Secara objektif hal ini menjadi ancaman besar bagi Indonesia yang wilayah lautnya sangat terbuka terhadap penetrasi negara-negara yang sedang bersaing tersebut. Dengan persenjataan yang dimiliki saat ini, Indonesia berada dalam posisi berdiri di antara dua gajah militer Amerika Serikat dan China.
Di tengah situasi yang demikian, prioritas pengamanan laut dan penguatan interoperabilitas lintas matra udara dan juga darat adalah pilihan yang tidak bisa ditawar demi meningkatkan daya serang jika perang benar-benar terjadi. Dalam konteks itu, program Revolution in Military Affairs (RMA) yang telah diawali oleh Pemerintah Indonesia perlu ditinjau dan diperkuat kembali dalam bingkai sabuk pertahanan negara kepulauan.
Sabuk pertahanan negara kepulauan adalah satu konsep yang ditawarkan penulis untuk mengoptimalkan kekuatan militer Indonesia, baik di darat, laut, maupun udara: sea power, air power dan land power.

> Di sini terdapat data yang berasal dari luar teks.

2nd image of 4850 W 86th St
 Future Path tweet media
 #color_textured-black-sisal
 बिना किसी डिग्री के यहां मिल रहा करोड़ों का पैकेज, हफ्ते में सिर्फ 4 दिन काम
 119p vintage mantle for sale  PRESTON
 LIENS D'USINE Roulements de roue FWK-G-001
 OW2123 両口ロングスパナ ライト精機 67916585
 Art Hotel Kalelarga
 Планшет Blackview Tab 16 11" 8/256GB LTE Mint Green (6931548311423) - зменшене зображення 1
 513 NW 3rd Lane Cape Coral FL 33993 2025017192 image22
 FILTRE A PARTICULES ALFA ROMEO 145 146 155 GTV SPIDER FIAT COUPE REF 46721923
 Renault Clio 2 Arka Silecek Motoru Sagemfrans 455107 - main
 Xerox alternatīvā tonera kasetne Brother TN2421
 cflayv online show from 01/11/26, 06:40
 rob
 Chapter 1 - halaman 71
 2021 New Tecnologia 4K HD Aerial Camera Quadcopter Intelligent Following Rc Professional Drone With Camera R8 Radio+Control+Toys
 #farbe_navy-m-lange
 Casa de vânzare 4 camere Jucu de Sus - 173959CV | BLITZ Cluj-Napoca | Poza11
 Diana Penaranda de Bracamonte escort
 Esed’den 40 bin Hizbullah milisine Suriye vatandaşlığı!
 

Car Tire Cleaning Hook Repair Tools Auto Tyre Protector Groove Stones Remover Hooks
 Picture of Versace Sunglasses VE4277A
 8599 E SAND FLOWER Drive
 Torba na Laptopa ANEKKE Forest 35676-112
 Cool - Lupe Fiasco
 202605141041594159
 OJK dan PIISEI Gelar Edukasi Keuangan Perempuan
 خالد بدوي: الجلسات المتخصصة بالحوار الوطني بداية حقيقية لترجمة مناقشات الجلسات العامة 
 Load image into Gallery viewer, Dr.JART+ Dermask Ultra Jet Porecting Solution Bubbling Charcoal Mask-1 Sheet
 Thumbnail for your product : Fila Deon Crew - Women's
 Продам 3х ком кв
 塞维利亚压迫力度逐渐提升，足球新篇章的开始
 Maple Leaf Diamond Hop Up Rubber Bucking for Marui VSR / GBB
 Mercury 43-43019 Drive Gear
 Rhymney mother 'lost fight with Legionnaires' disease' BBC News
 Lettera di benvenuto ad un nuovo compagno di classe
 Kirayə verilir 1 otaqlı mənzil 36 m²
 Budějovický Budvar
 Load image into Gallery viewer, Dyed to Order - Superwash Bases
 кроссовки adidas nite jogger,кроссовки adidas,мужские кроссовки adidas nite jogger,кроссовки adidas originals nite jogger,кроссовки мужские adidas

Sea power dimaknai instrumen penting dalam mewujudkan sabuk pertahanan untuk membangun poros maritim dunia. Sea power adalah sarana yang digunakan negara untuk mengerahkan kekuatan militernya di dan atau lewat laut. Ukuran kemampuan sea power dari pesaing atau rivalnya dengan berbagai macam instrumen, antara lain peralatan tempur dan persenjataan, bantuan peralatan tempur lainnya, perdagangan, pangkalan dan personel yang terlatih.